Conning wins the award for climate stress-testing solution of the year for an innovative climate economics model combined with software that helps insurers with one of their most important tasks: understanding the financial market impacts of climate change.
The climate economics model enables users to generate scenarios that capture both physical and transition risks, and how they interact. Through a collaboration with university researchers, Conning developed a class of probabilistic damage functions, which captures potential climate impacts on financial markets, including "tipping points", i.e. abrupt, severe and irreversible changes in the climate.
By including these scenarios in the model, Conning has shown potential material climate-related risks materialising in asset allocations in the next five to 10 years, "making them more relevant to typical reporting risk horizons than many standard scenarios". The firm also produced scenarios to help firms respond to the Bank of England's Climate Biennial Exploratory Scenario (CBES) exercise.
The climate economics model and CBES-aligned scenarios have been designed to be used as input to the Conning Climate Risk Analyzer, a software-as-a-service tool which enables stochastic climate scenario analysis to be performed on existing asset allocations.
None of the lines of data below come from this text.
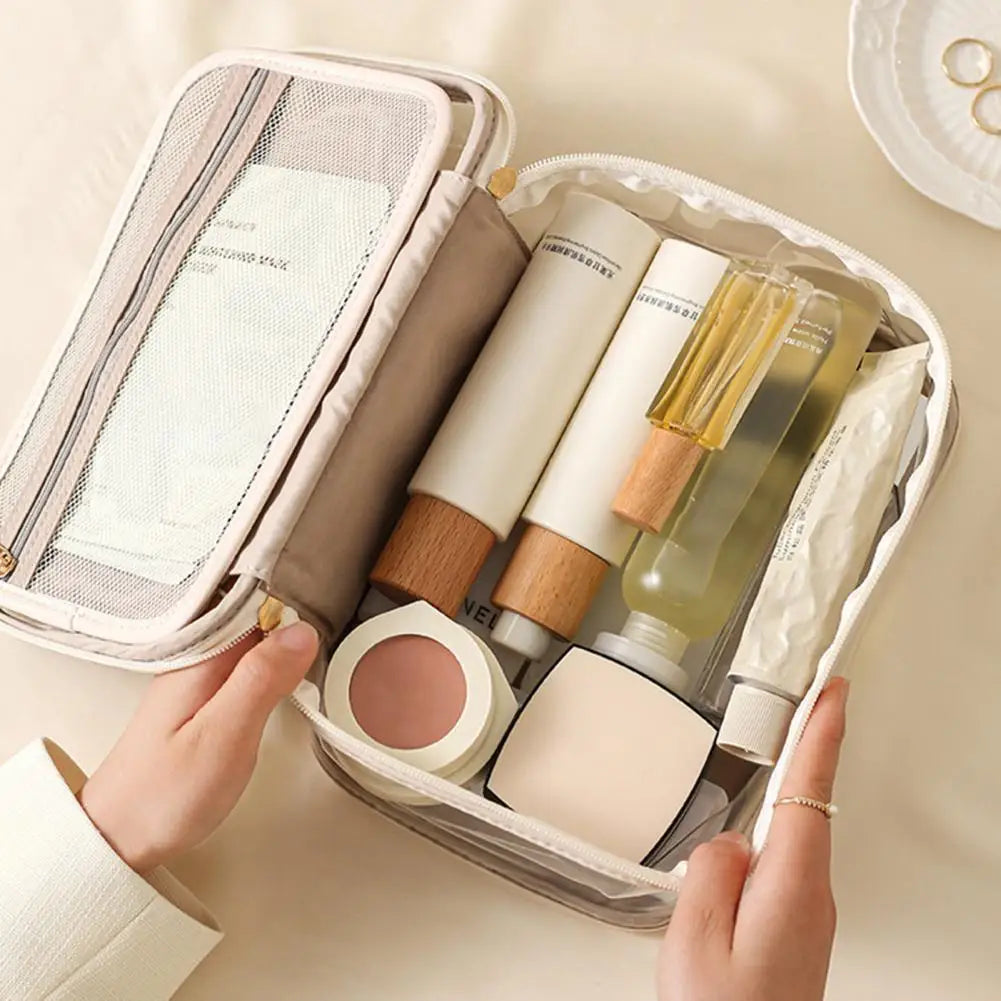 Borsa da toilette beige aperta con prodotti cosmetici: flaconi, crema, profumo. Organizzatore da viaggio elegante e funzionale per cosmetici.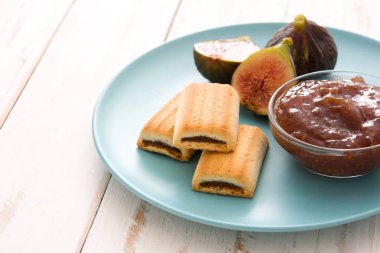 Beyaz ahşap masa üzerinde bir tost tatlı incir reçeli sürülür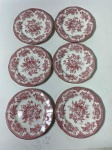 ENOCH WEDGWOOD - ENGLAND - Seis pratos rasos em porcelana inglesa com decoração de flores e pássaros na cor rosa e friso prateado. Medidas: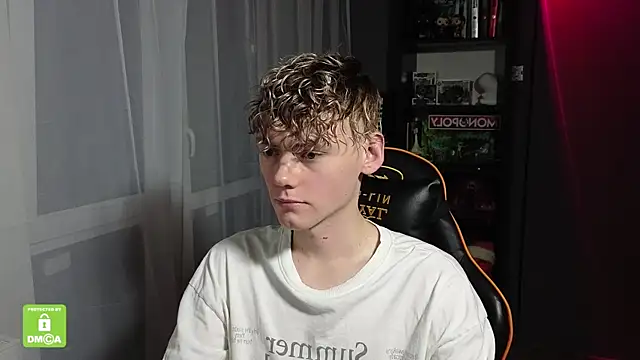 Keytaro online show from 10/26/25, 03:07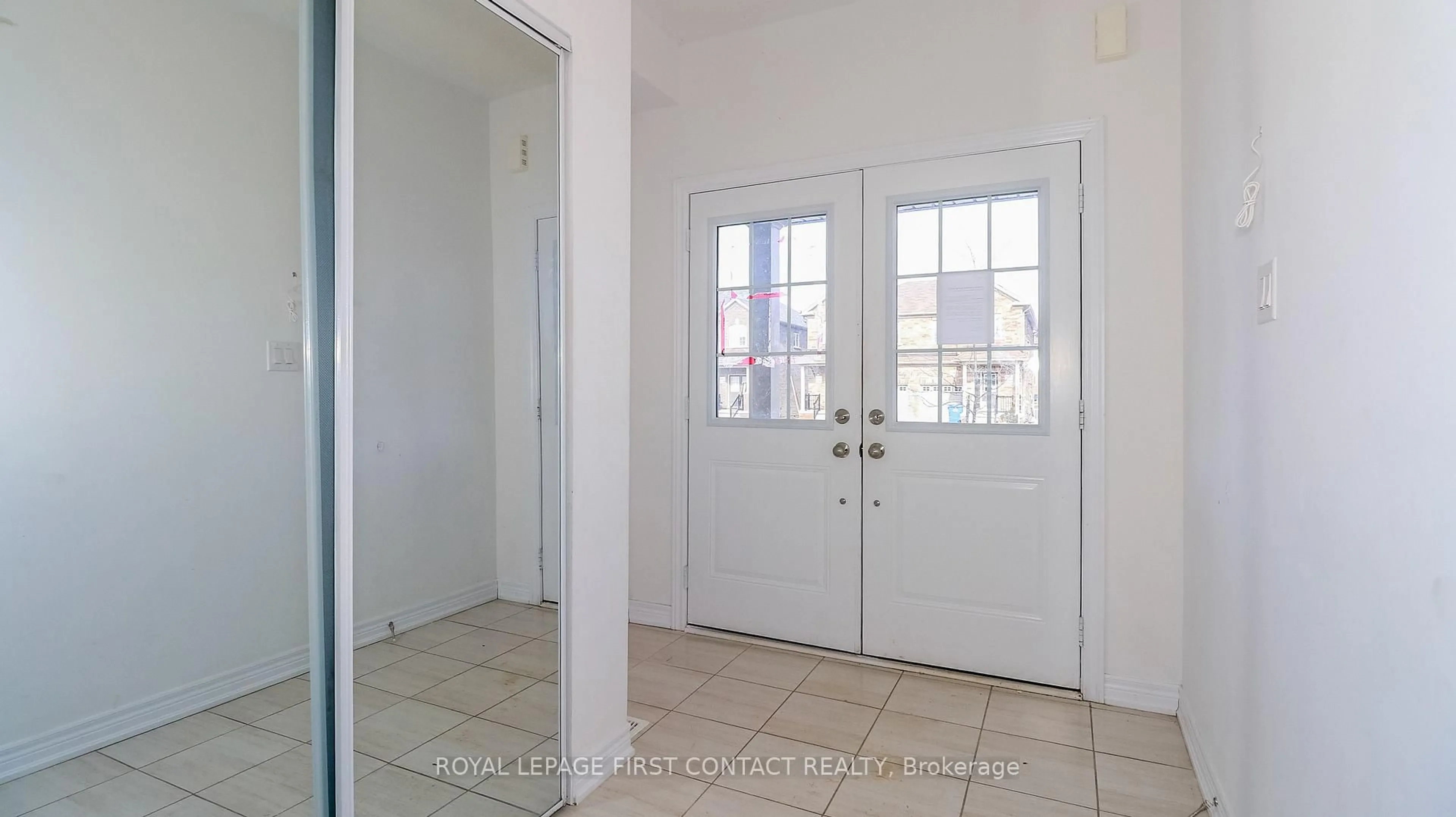 Indoor entryway for 142 Seeley Ave, Southgate Ontario N0C 1B0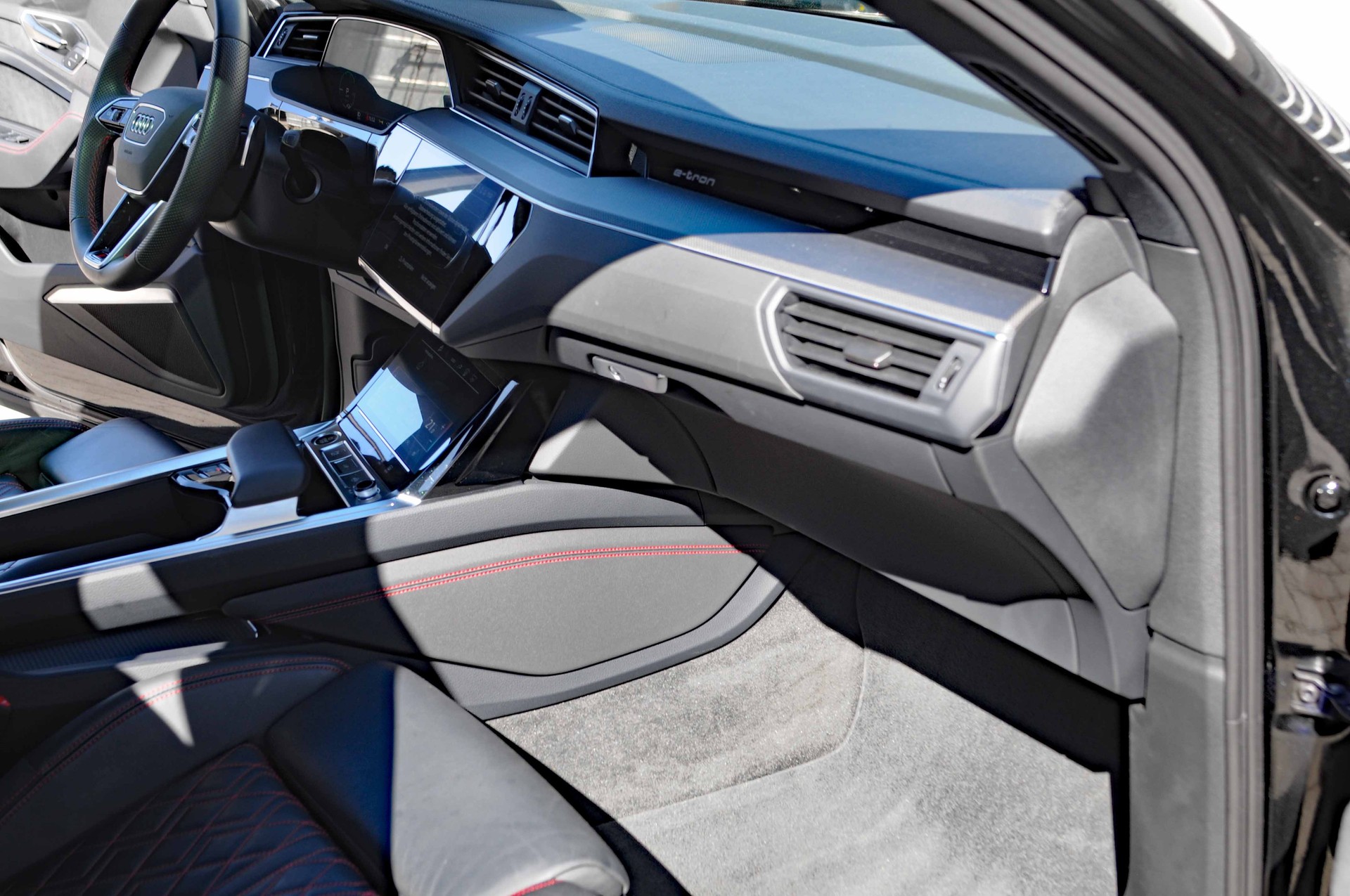 AUDI Q8 55 e-tron S line quattro-image-18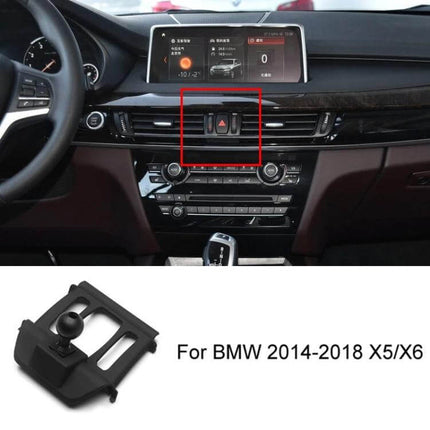 BMW Car Air Outlet Phone Holder Snap On Dashboard Mount securely installed on BMW X5/X6 2014-2018 dashboard air outlet for hands-free navigation
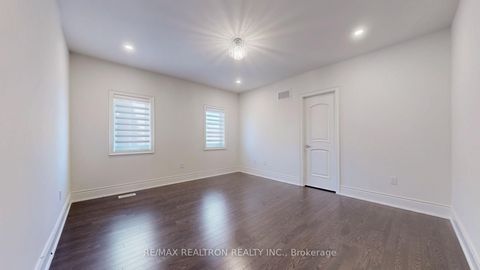 Photo 38 at 52 Rolling Green Court, Kleinburg, Vaughan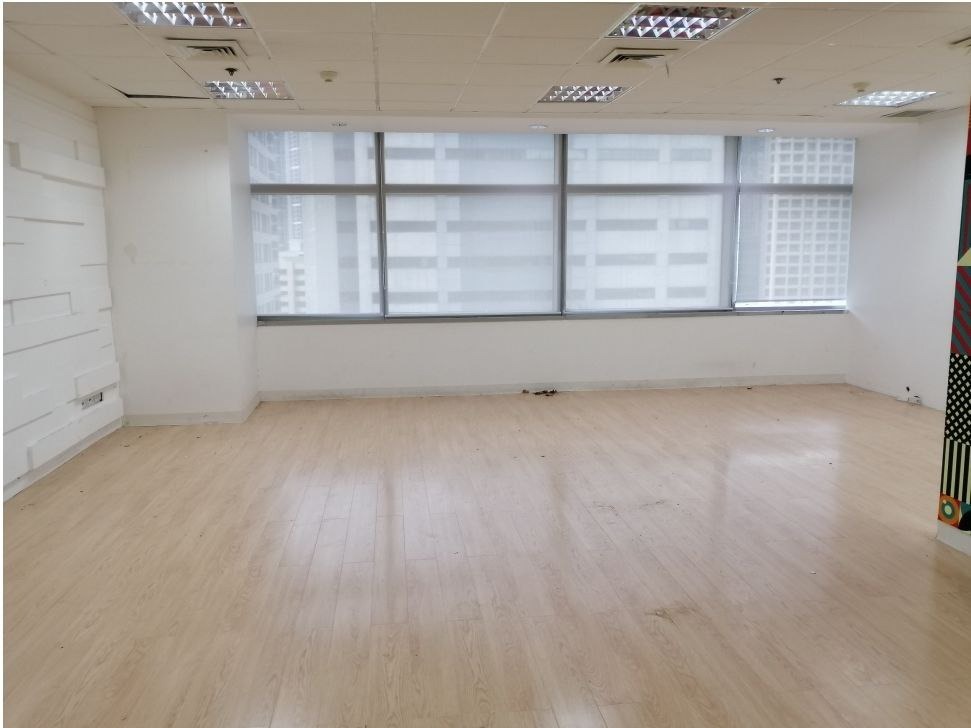 Ayala Tower 1 FOR RENT OFFICE SPACE Work Where Your Business Takes You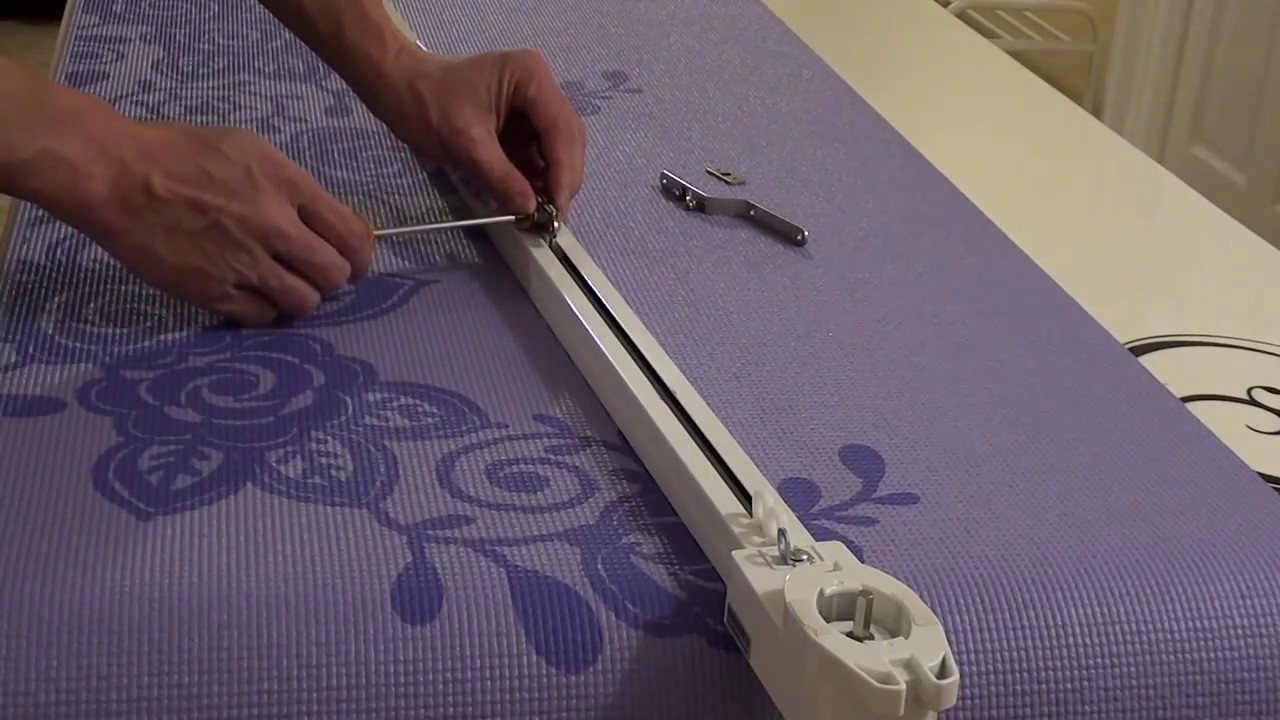 Power Curtain Checking the Belt for CL-920 Motorized Track System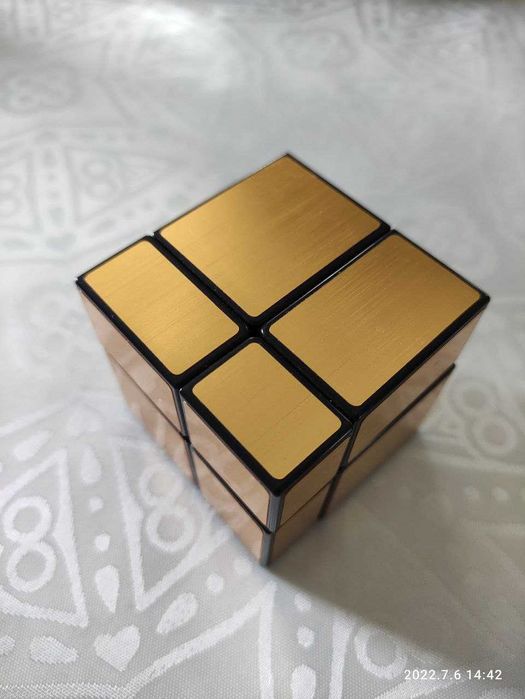Золотой кубик Рубика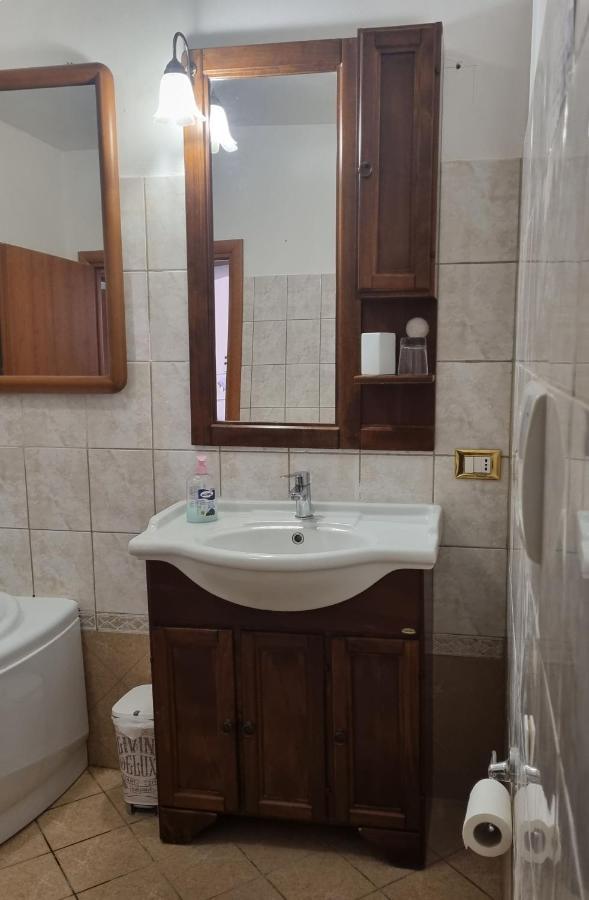 Casa Mille Baci Con Parcheggio Livorno Exterior foto
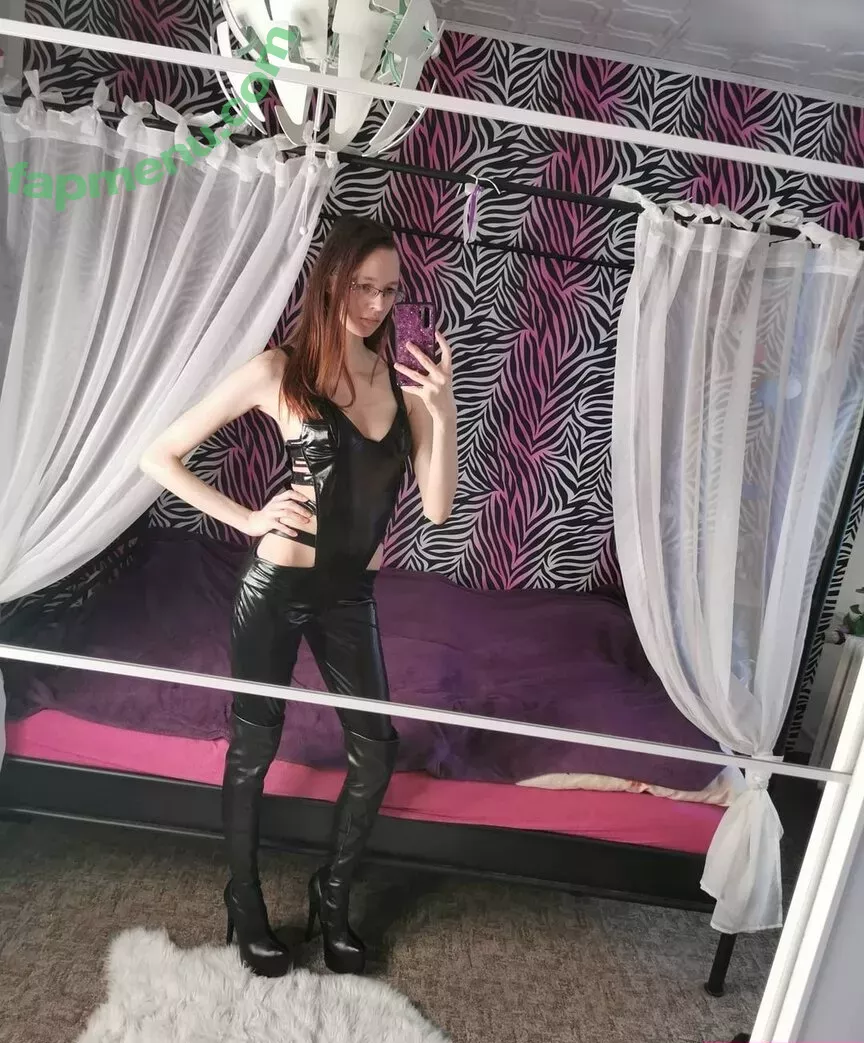 mrs-crazy nude photo #0067 (__mrs._crazy__ / mrs_crazy / mrs_crazy_)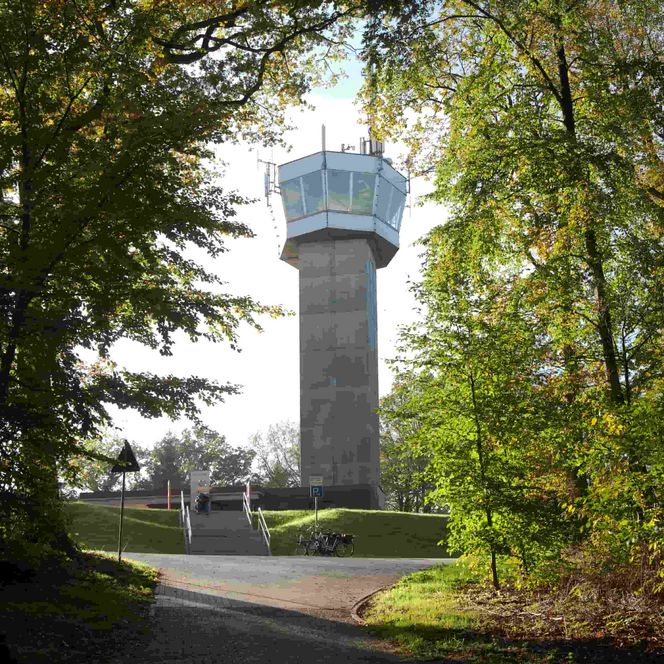 Blick von der steilen Zufahrtsstraße auf den Aussichtsturm Deutscher Olymp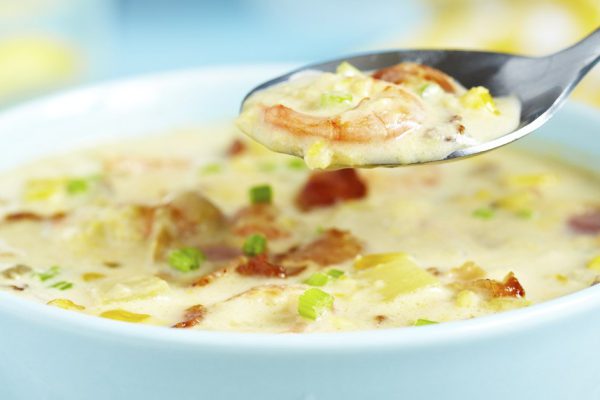 Сырный суп, который свекровь варит в морозные дни, вспоминая о Швейцарии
Among the innovations is a new analytic, "excess climate risk", which quantifies the physical and transition risk in an asset allocation relative to a benchmark.
Via its intuitive app-like interface, Climate Risk Analyzer allows users to investigate different paths that a given climate scenario could take, as well as grasp a scenario's impact on the risk metrics of a portfolio at different time horizons.
The judges commented Conning had developed a "focused solution" for understanding the financial markets impacts of climate change, and commended the company for backing up its scenarios with science.
The panel noted how the firm has "taken deterministic regulatory approaches to the next level, allowing stresses at a percentile level and allowing the combination of physical and transition risks. This is a really positive move, taking stress testing from 'something we need to do' to a key risk management discipline."